#### Data records ####

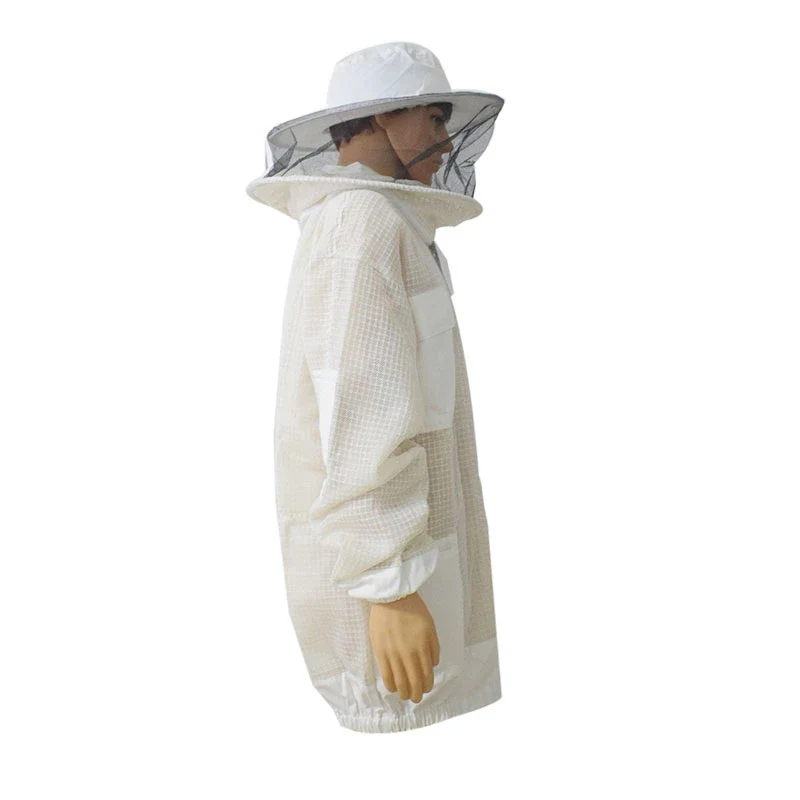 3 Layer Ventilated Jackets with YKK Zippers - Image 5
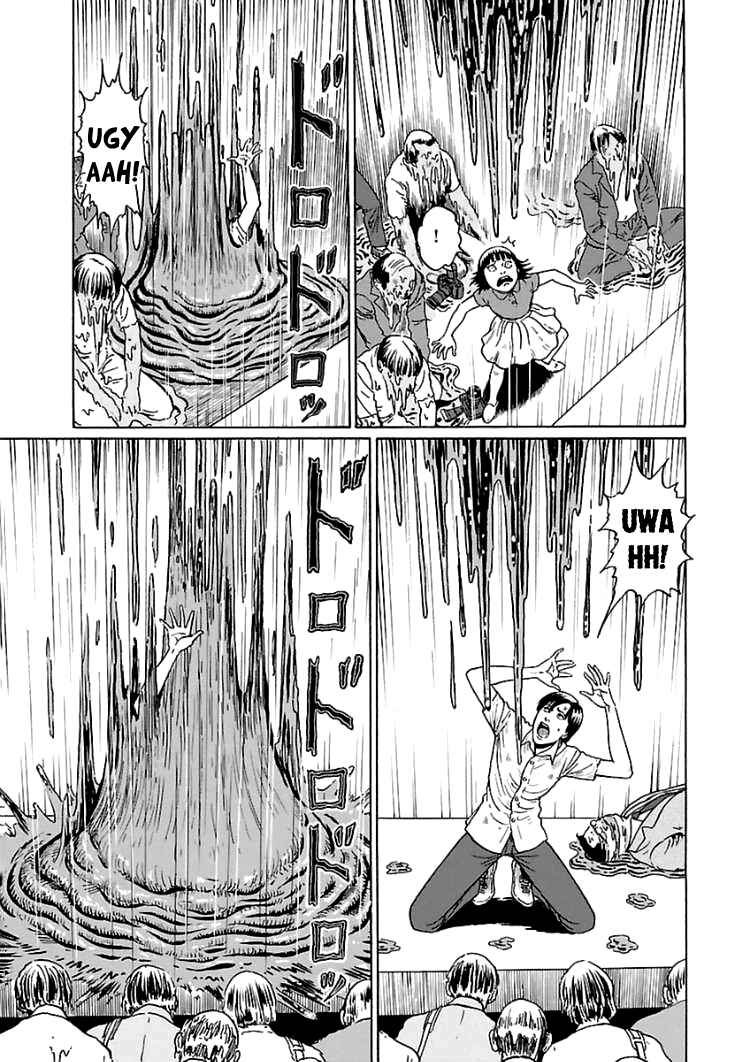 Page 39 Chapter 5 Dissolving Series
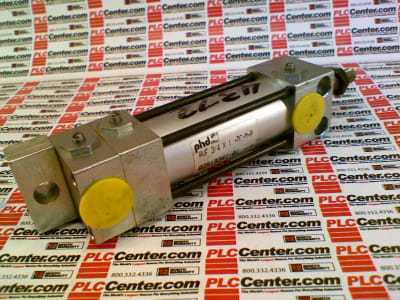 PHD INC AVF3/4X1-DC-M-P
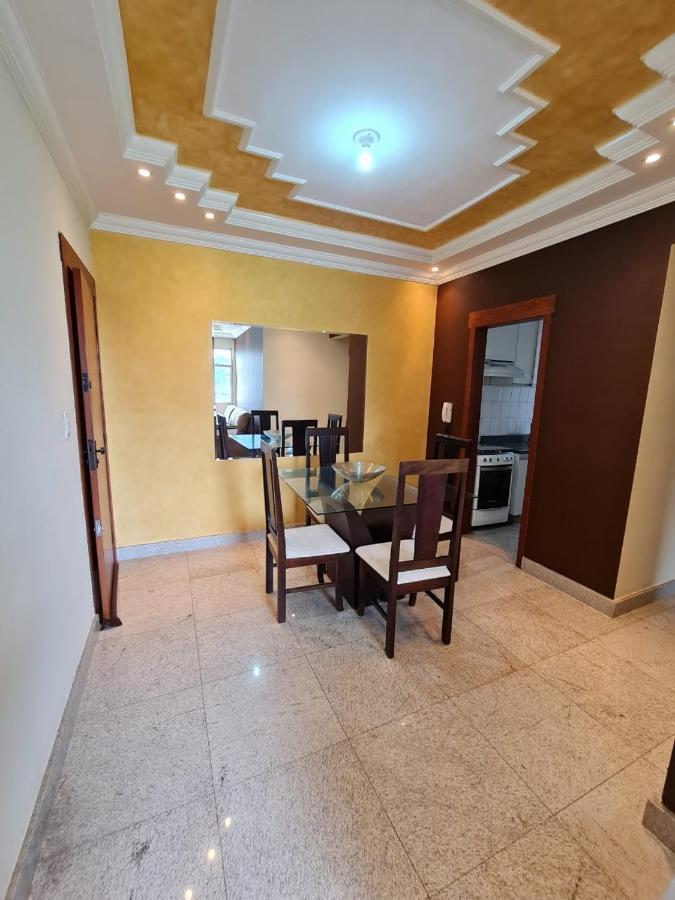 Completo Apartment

####
#### Data records ####

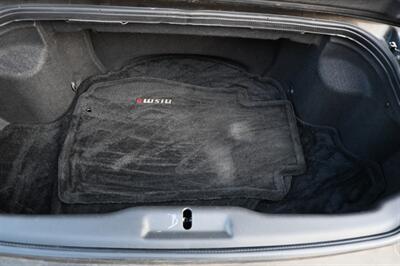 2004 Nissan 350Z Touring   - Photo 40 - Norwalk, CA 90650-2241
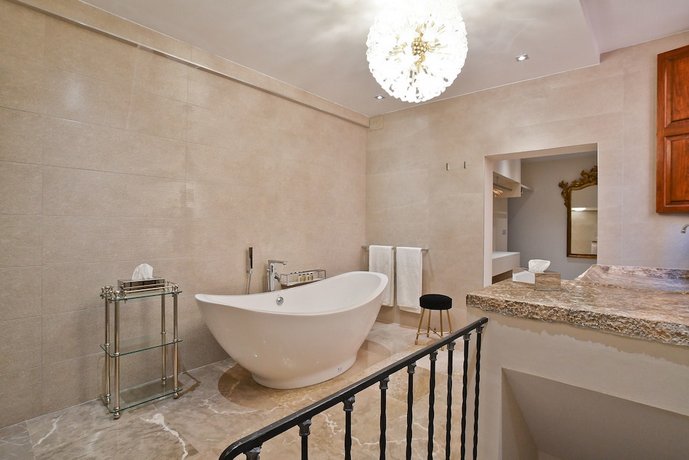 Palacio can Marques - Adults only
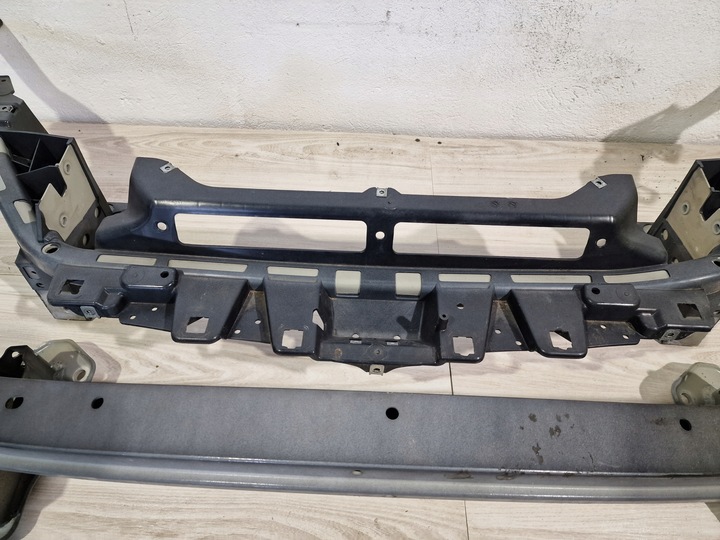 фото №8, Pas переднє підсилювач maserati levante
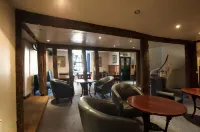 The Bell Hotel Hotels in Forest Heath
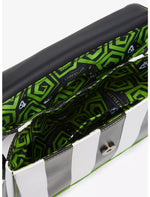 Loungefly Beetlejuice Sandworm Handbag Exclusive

####
#### Data records ####

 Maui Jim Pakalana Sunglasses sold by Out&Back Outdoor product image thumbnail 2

####

## [Task brief]
Return exactly the part of the listing above that opens with the line containing "Palacio can Marques - Adults only" and closes with the line containing "Loungefly Beetlejuice Sandworm". Pictures stay out.

## [Task response]
 Palacio can Marques - Adults only
 фото №8, Pas переднє підсилювач maserati levante
 The Bell Hotel Hotels in Forest Heath
 Loungefly Beetlejuice Sandworm Handbag Exclusive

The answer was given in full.